With Covid-19 afflicting the world, and a climate crisis looming, humanity’s future seems uncertain. While the novel coronavirus does not itself pose a threat to the continuation of the species, it has undoubtedly stirred anxiety in many of us and has even sparked discussion about human extinction. Less and less does the end of the species seem an area of lurid fantasy or remote speculation.
Indeed, the opening decades of the 21st century have seen investigation into so-called ‘existential risks’ establish itself as a growing field of rigorous scientific inquiry. Whether designer pathogen or malicious AI, we now recognize many ways to die.

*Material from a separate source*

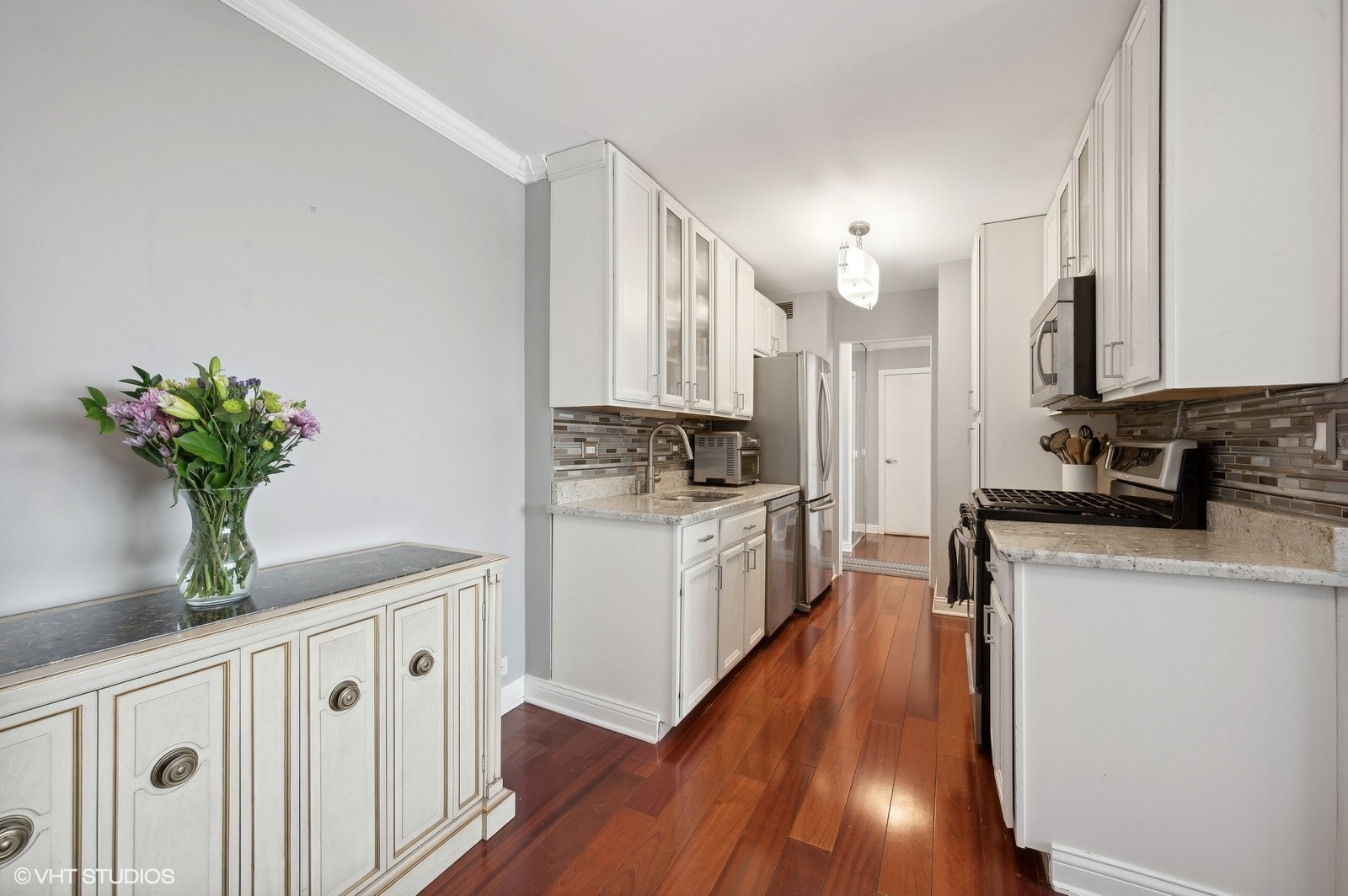 3430 N Lake Shore Drive Unit: 10N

But when did people first start actually thinking about human extinction?
The answer is: surprisingly recently. As ideas go, the idea of the extinction of the human species is a new one. It did not, and could not, exist until a few centuries ago.
Of course, we humans have probably been prophesying the end of the world since we began talking and telling stories. However, the modern idea of human extinction distinguishes itself from the tradition of apocalypse as it is found across cultures and throughout history.
In the ancient mythologies you will not find the idea of a physical universe continuing, in its independent vastness, after the annihilation of humans. Neither will you find the idea of the end of the world as a totally meaningless event. It is invariably imbued with some moral significance or revelatory lesson. Meaning and value lives on in a spiritual afterlife, in anthropomorphic gods, or an eventual rebirth of creation.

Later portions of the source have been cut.